Vitter's non-binding amendment sought to end the cellphone portion of the program.
Outgoing Federal Communications Commission Chairman Julius Genachowski fired back at the sponsors of the amendment in a statement late on Friday.
“The Lifeline program has helped some of our most vulnerable citizens connect to emergency services, doctors and family in times of crisis," he said. "It has been a literal lifeline for these Americans -- and in today’s era, with a third of Americans having cut the cord to wireline phone service, it’s appropriate that Lifeline supports wireless service."
He touted the commission's efforts to curb waste and abuse in the program.
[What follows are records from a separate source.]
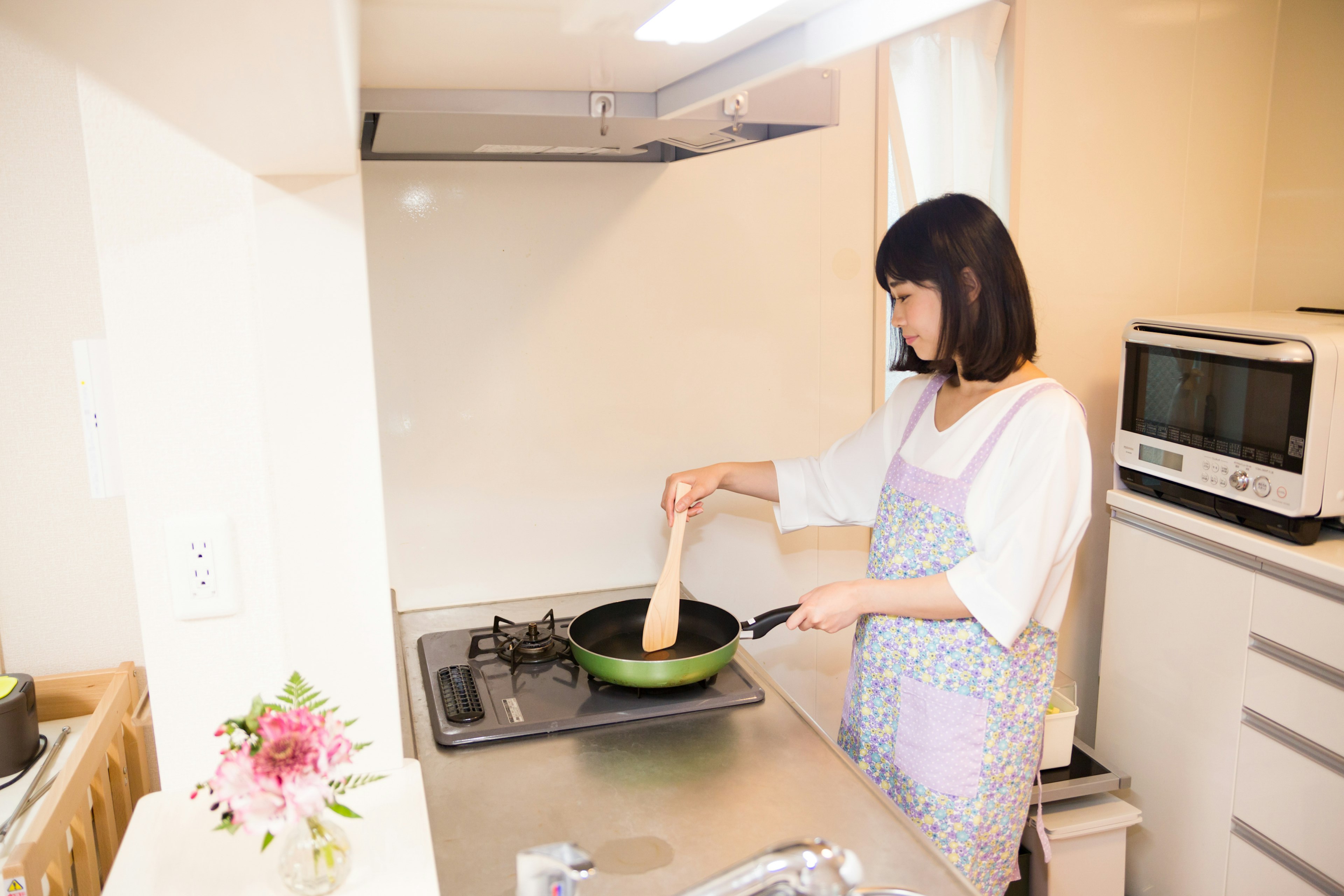 A woman cooking in a kitchen using a frying pan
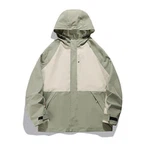 ĠAKKETT TA’ WINDBREAKER AĦDAR TAL-PIŻELLA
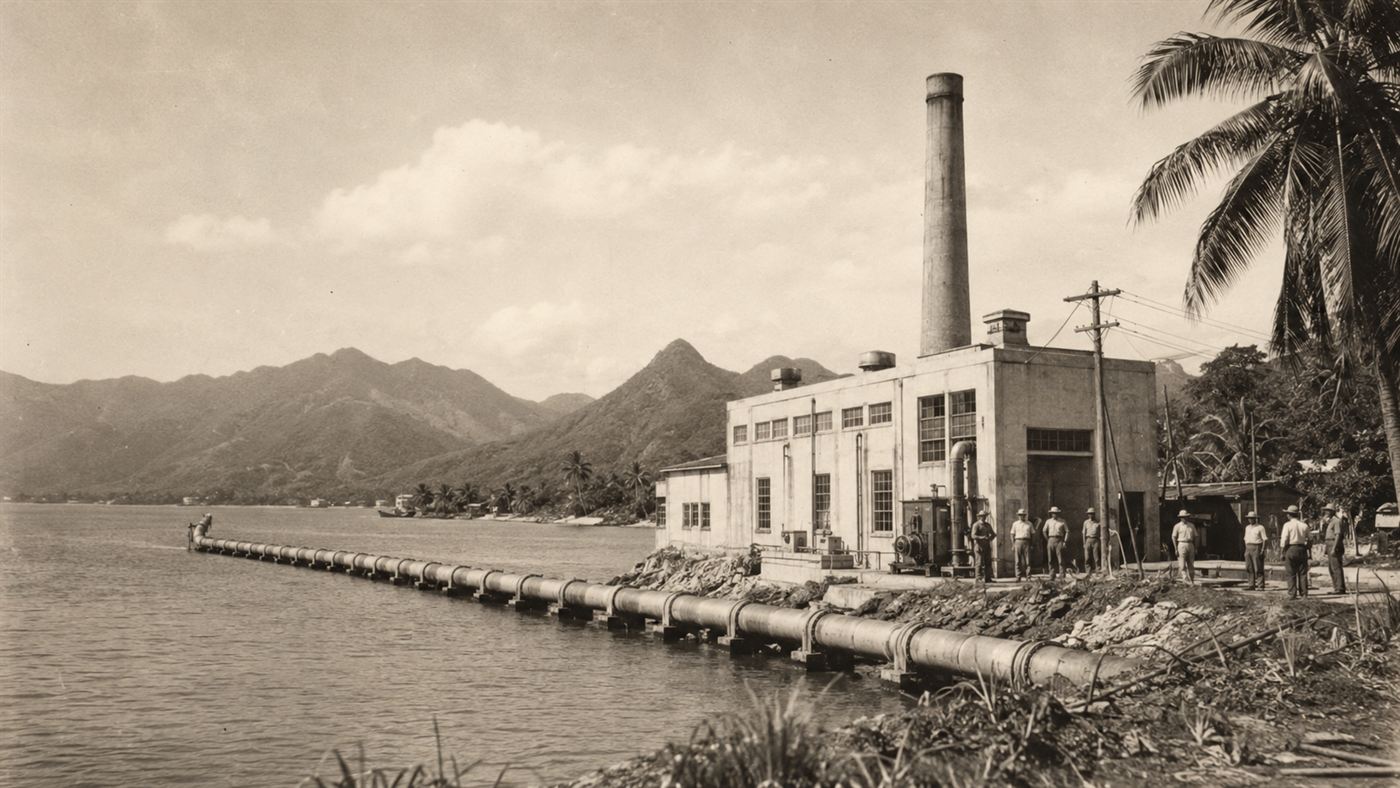 A 1930s shoreline experimental power plant with workers and a long pipe running out into a tropical bay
"This FCC inherited a number of [Universal Service Fund] programs that lacked proper controls, but we acted quickly and aggressively to correct course, saving more than $200 million last year in Lifeline and putting us on track to save $2 billion by the end of 2014," Genachowski said. "We took these steps precisely because Lifeline is so vital to millions of Americans in need.”
FCC Commissioner Mignon Clyburn, the agency's most vocal defender of Lifeline, said the amendment failed to take into account how important Lifeline is to low-income families.
"The Commission is open to making additional adjustments where necessary, but in no uncertain terms should qualifying low-income consumers who have followed the rules, be refused service," she said.